I SHALL TELL YOU RIGHT AFTER THAT STORY I NEVER READ YOU. TRU FAX.
I mean, again, something something theologies, and I totally get that this is the Jedi Truth (i.e., blatant lies) thing where "I shall be telling you all the time" means stupid evasive shit like "you will see me in the miracle of the sun rising every morning and also in the beauteous happenstance of there being a Gideon's Bible in your hotel room of all places what were the odds god must be trying to get your attention yes you personally" and... okay. I sound like I'm mocking this. I'm not trying to do that, I'm sorry.
But. Here is the thing. Words mean things to me. And a deity saying "I will tell you this thing" is not, to me, being honest if, if, that really means "stuff will happen to you that has many, many valid explanations, but I expect you to interpret that stuff with exactly the right expectation and I'll be over here invisible in the corner drumming my fingers impatiently at you." And that may be unfair of me, but I've seen absolutely nothing from Aslan to make me think that he wouldn't be doing precisely that.
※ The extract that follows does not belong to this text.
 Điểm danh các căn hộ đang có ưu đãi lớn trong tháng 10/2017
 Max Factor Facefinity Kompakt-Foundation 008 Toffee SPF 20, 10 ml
And all this comes back around to Susan who apparently wasn't "[told] all the time" or at least probably wasn't told in a way that was valued and meaningful to her, which kinda comes around to making me royally pissed off that Aslan can't or won't just say "I'm Jesus, mmkay?" I mean, we give the Left Behind series a lot of well-deserved rotten tomato throwing, but say what you will about Reverend Billings, he did at least leave a template-prayer for new believers to recite. That Aslan does not do this may make his religion deeper and more meaningful and more interesting than Billings' "say the magic words, you're good to go" country club, but it also points to a greater willingness to let people, good people, drop away forever if they didn't respond properly to your numinous "telling that isn't telling".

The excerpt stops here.